C’est en ce point précis qu’État limite se distingue heureusement de nombre de films sur la psychiatrie et ses patient·es. À travers la pratique de Jamal, un discours critique sur la psychiatrie prend forme. Moins prescripteur que médiateur, le docteur adopte un point de vue réflexif sur l’institution psychiatrique. Aussi bien par ses adresses directes à la caméra de Peduzzi que dans les conversations avec ses patient·es, il interroge la « fabrique des fous ».

Jamal emmène donc le film vers un véritable état limite : celui du doute et de la réflexion. De quoi « fou » est-il le nom, nous demande-t-il ? Autrement dit, par quelles pratiques dessinons-nous la frontière qui distingue le normal de l’anormal ? Au nom de quelles raisons est-elle justifiable – si elle l’est ? Au gré des entretiens avec divers patient·es, il ressort que malgré son utilité ponctuelle, la médication est aussi l’un des facteurs déterminants dans la création de profils ne pouvant être définis en dehors de leur pathologisation.
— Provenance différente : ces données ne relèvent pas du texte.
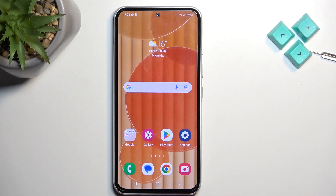Welcome, I'm Phonomi. This is a Samsung Galaxy A54 and today I will show you how you can put this phone into safe mode.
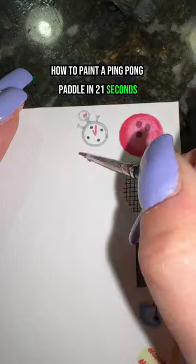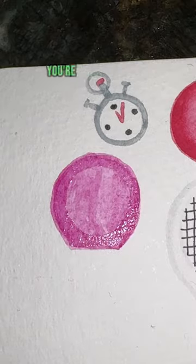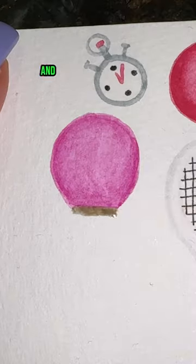How to paint a ping pong paddle in 21 seconds. First you're going to take your pink and do a light wash in the shape of a circle that's flat on one side. Now you're going to add shading to the outside of it and blend it out.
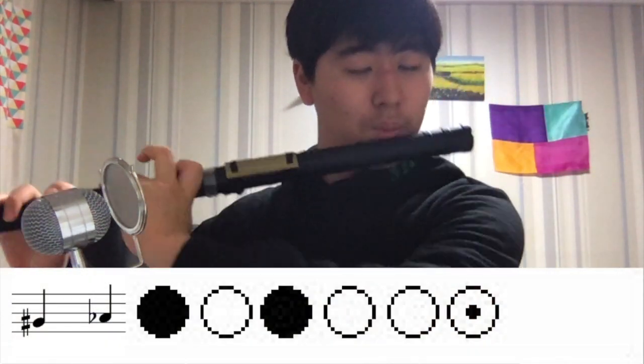Now I will teach you some flats and sharps which are the same. C sharp is the same as D flat, and you play like this. G sharp is the same as A flat, and you can play like this. A sharp is the same as B flat, and you have two ways to play it.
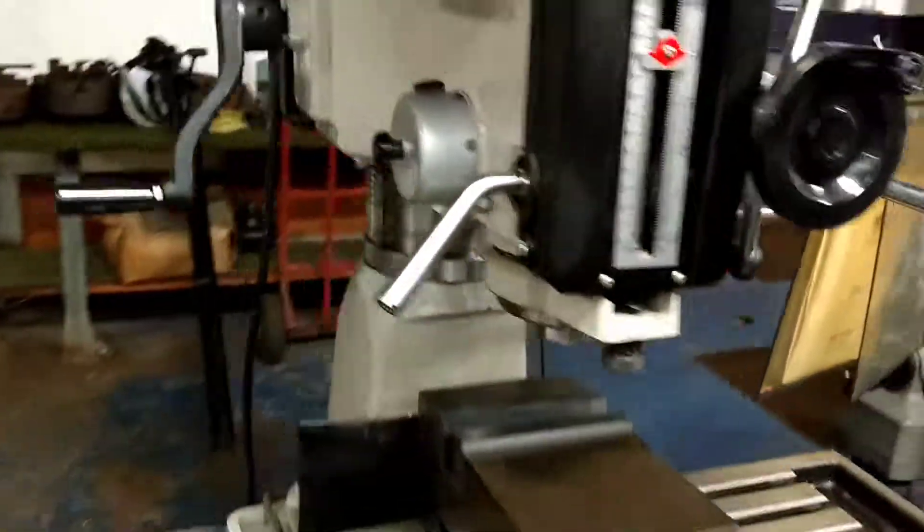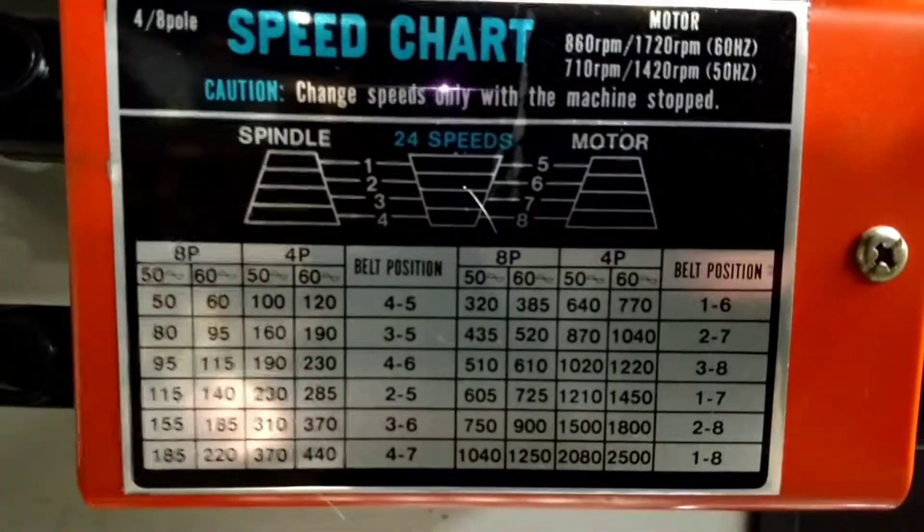2,500 RPM — 50 to 2,500 RPM belt change, 2 horsepower motor, 3-phase.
Enfin, et c’est tout l’enjeu de ce quasi huis-clos, une question traverse État limite  : que justifie l’enfermement des fous  ? Cette question de la mise à l’écart est alors traitée sous un angle critique rare au cinéma. Ce n’est pas la nature des personnes au diagnostic psychiatrique qui est la cause de ce grand enfermement. Au contraire, il relève plutôt d’une déficience propre à nos sociétés contemporaines, incapables de les intégrer à la vie de la cité. Pour soigner, il faut avant tout faire communauté.